First, Rodriguez contends that the district court erred by finding that the defendants were not liable for preventing him from purchasing envelopes and thereby violating his first amendment right to correspond with others. This contention lacks merit.
Supervisors are liable under Sec. 1983 only if they personally participated in a constitutional violation, directed others in the violation, or knew or should have known about it and failed to act to prevent further harm. Taylor v. List, 880 F.2d 1040, 1045 (9th Cir.1989).
In his complaint, Rodriguez alleged that DSU staff threw away his "canteen" order for envelopes. He alleged that he appealed to defendant Maass, who told him he could not place canteen orders until he had been in the DSU for thirty days. The defendants filed the affidavit of Officer Ralph Thomason, who stated that he processed the DSU canteen orders. Rodriguez filed a copy of Maass's response to his appeal. As the district court held, Maass's denial of Rodriguez's appeal does not establish that Maass knew about, and therefore was liable for, any constitutional violation regarding Thomason's failure to fill an envelope order. See Taylor, 880 F.2d at 1045.
Second, Rodriguez contends that the defendants violated his rights to due process and equal protection by prohibiting him from smoking in the DSU but permitting death row prisoners to smoke there. See Or.Admin.R. 291-11-060(10) ("Disciplinary segregation is a non-smoking area. Possession of smoking materials (e.g., matches, tobacco, etc.) is unauthorized possession of property."); Or.Admin.R. 291-93-015(5) ("Inmates on death row status may be allowed to smoke."). This contention lacks merit.
" '[W]hen a prison regulation impinges on inmates' constitutional rights, the regulation is valid if it is reasonably related to legitimate penological interests.' " Harper, 877 F.2d at 731 (quoting Turner v. Safley, 482 U.S. 78, 89 (1987)). "[U]nless a classification warrants some form of heightened review because it jeopardizes exercise of a fundamental right or categorizes on the basis of an inherently suspect characteristic, the Equal Protection Clause requires only that the classification rationally further a legitimate state interest." Nordlinger v.

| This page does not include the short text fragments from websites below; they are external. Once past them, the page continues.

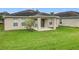 A backyard featuring a covered porch, lawn, landscaping, and partial view of the house's rear exterior at 10840 Cabbage Tree Loop, Orlando, FL 32825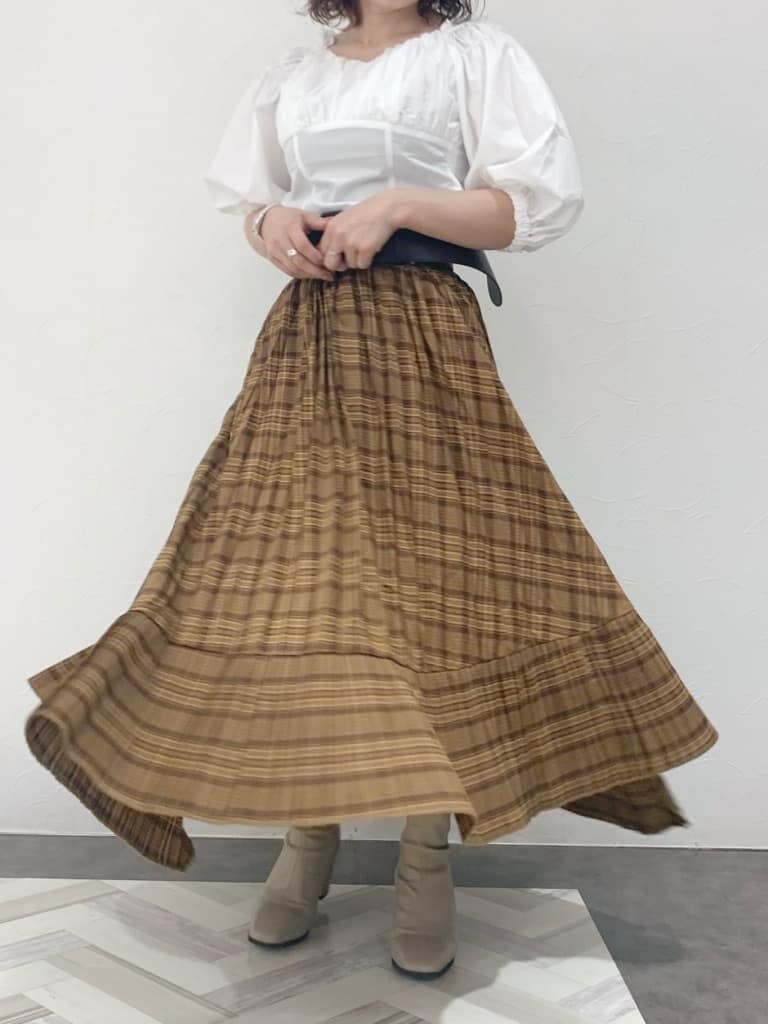 ホワイト系のシャツ/ブラウス、ブラウン系のスカート、ベージュ系のブーツを着用したレディースの夏コーディネートの10枚目の写真
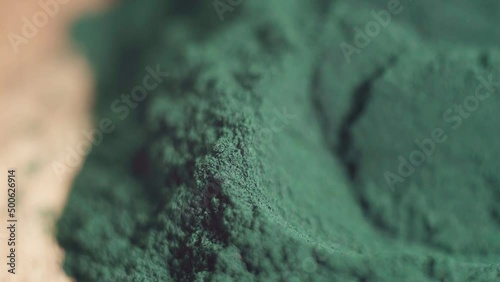 Spirulina algae powder close up. Superfood concept. Macro photography. Selective focus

Hahn, 112 S.Ct. 2326, 2331-32 (1992).
Rodriguez argues that because the smoking ban impinges on his constitutional right to "freedom of choice," the defendants must show that the ban is reasonably related to legitimate penological interests. See Harper, 877 F.2d at 731. We find no authority supporting the existence of this right. See Hernandez v. Johnston, 833 F.2d 1316, 1318 (9th Cir.1987) (prison regulations create a constitutionally protected liberty interest if they eliminate prison officials' discretion). Moreover, even if the smoking ban does impinge on a constitutional right, the ban is reasonably related to the legitimate penological interest of protecting other prisoners from tobacco smoke. See Helling v. McKinney, No. 91-1958, 61 U.S.L.W. 4648, 4650 (U.S. June 18, 1993) (exposing prisoners to tobacco smoke may violate eighth amendment). Death row prisoners are not situated similarly to other prisoners, and their impending execution is a reason to treat them differently. See Hahn, 112 S.Ct. at 2331-32. Accordingly, the district court did not err by granting summary judgment on Rodriguez's smoking claim.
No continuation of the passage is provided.